In an interview with the Wall Street Journal, Saakashvili said his country’s one-time goals of joining NATO and the EU and reuniting with its two breakaway regions – South Ossetia and Abkhazia – were unlikely to be realised any time soon.
“It’s tragic,” he said. “It means the Russians fought for the right reasons,” Saakashvili is quoted as saying.
Georgia’s president, who is under pressure from the opposition to leave office, indicated that he had downscaled his ambitions.
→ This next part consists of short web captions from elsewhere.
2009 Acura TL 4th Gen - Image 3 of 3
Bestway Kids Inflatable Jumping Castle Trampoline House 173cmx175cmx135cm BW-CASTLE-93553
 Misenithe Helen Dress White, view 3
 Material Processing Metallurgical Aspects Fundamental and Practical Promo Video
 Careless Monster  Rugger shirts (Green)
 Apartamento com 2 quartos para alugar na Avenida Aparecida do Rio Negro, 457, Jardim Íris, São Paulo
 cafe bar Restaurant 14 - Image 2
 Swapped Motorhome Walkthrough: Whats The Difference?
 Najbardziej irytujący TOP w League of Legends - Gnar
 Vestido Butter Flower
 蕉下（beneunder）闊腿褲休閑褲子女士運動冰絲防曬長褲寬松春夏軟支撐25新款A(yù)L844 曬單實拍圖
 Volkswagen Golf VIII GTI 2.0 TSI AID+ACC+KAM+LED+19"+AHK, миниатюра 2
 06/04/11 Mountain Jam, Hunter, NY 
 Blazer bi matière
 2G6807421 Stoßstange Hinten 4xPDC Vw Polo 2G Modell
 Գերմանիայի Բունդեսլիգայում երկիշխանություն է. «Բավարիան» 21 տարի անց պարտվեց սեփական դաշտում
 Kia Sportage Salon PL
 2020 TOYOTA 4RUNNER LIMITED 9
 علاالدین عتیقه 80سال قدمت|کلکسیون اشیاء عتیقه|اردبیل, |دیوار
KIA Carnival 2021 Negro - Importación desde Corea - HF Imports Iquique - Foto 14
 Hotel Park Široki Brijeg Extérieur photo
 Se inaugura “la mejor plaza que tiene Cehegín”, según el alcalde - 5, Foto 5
He explained that his plan was to strengthen democracy and ensure a peaceful transition of power when he steps down in 2013.
Saakashvili’s critics accuse him of increased authoritarianism, monopolising the state media for his own ends and using the police to repress protesters.
The Wall Street Journal spoke to Saakashvili ahead of a morale-boosting visit to Georgia by US Vice-President Joe Biden.
In a speech, parts of which were seen by the newspaper’s envoy, Saakashvili pledges to set new local elections, to promise more media space to his adversaries and to offer the opposition seats on some governmental decision-making bodies.
But his adversaries remained sceptical. “It’s all blah, blah, blah,” said opposition leader Levan Gachechiladze, adding: “He has promised things before and there have been no results.”
Opposition leaders described Saakashvili as “part of the problem, not the solution”. They added that they would press Biden to link US financial aid to Saakashvili’s behaviour in order to moderate it.
But most importantly, his opponents want him to call an early election to renew his mandate.
“He hasn’t done what any democratic leader should do after losing 20% of his country’s territory [in a war],” said opposition leader Salome Zourabachvili, insisting that the Georgian president needed to resign.